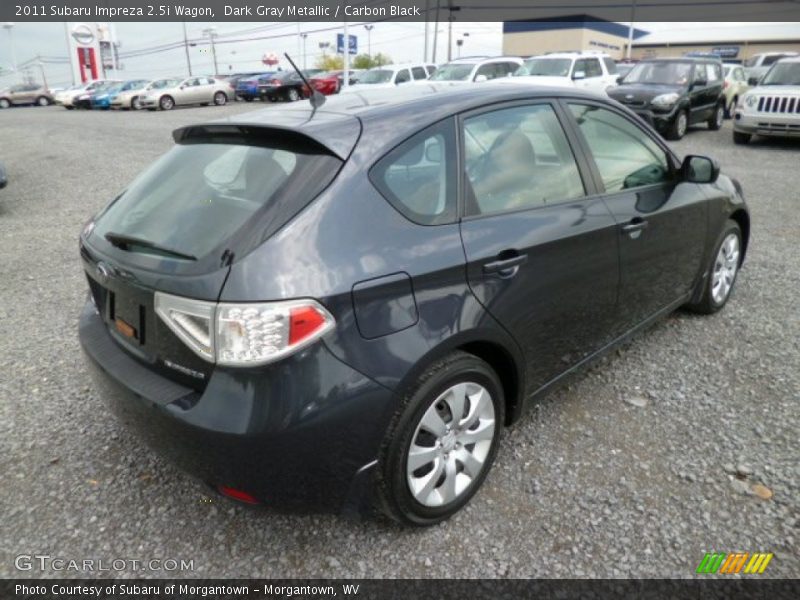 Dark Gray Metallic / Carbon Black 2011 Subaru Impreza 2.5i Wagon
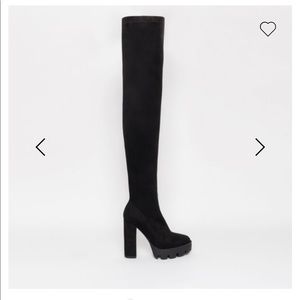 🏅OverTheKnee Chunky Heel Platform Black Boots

...

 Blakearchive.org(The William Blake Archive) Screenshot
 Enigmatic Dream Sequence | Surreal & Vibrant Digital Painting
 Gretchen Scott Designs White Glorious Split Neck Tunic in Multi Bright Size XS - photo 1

## EXERCISE PROMPT
When you reach the line with "Enigmatic Dream Sequence" in the records above, start writing out lines exactly, and stop once the line with "Gretchen Scott Designs" has been written; include nothing else.

## SOLVED EXERCISE
 Enigmatic Dream Sequence | Surreal & Vibrant Digital Painting
 Gretchen Scott Designs White Glorious Split Neck Tunic in Multi Bright Size XS - photo 1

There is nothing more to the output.